RECORDED INFORMATION:

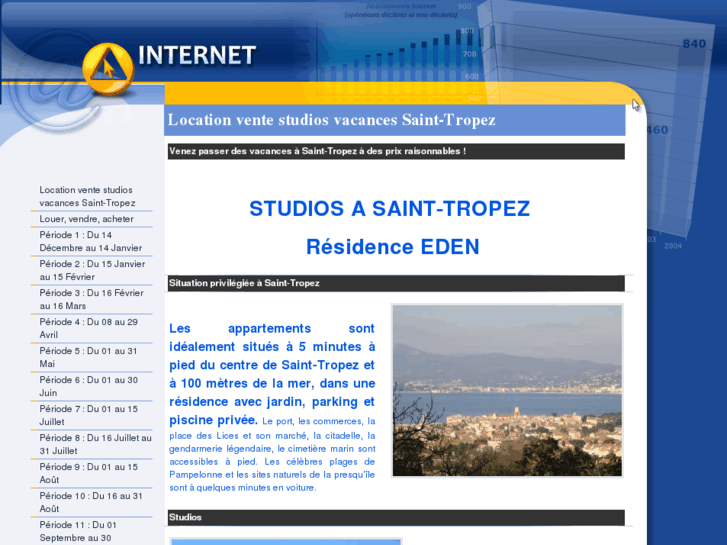 www.location-vente-saint-tropez.com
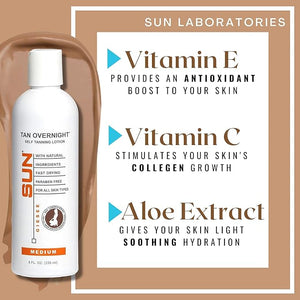 Sun Laboratories By Giesee Self Tanning Kit with 8 oz Tan Overnight Self Tanning Lotion and 2 oz Sunless Tanning Face Cream - Odorless Non-Toxic Self Tanner for Fair to Medium Skin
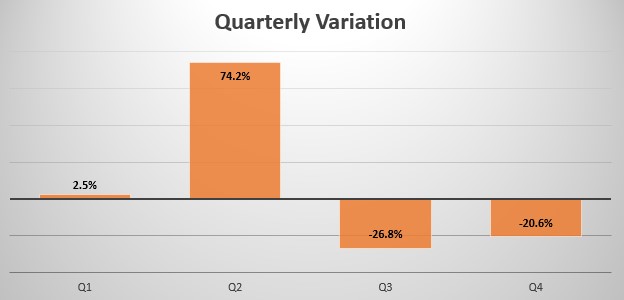 Ivory Coast quarterly sales variation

TASK OBJECTIVE:
Excluding all images, transcribe the material word for word.

TASK RESULT:
 www.location-vente-saint-tropez.com
 Sun Laboratories By Giesee Self Tanning Kit with 8 oz Tan Overnight Self Tanning Lotion and 2 oz Sunless Tanning Face Cream - Odorless Non-Toxic Self Tanner for Fair to Medium Skin
 Ivory Coast quarterly sales variation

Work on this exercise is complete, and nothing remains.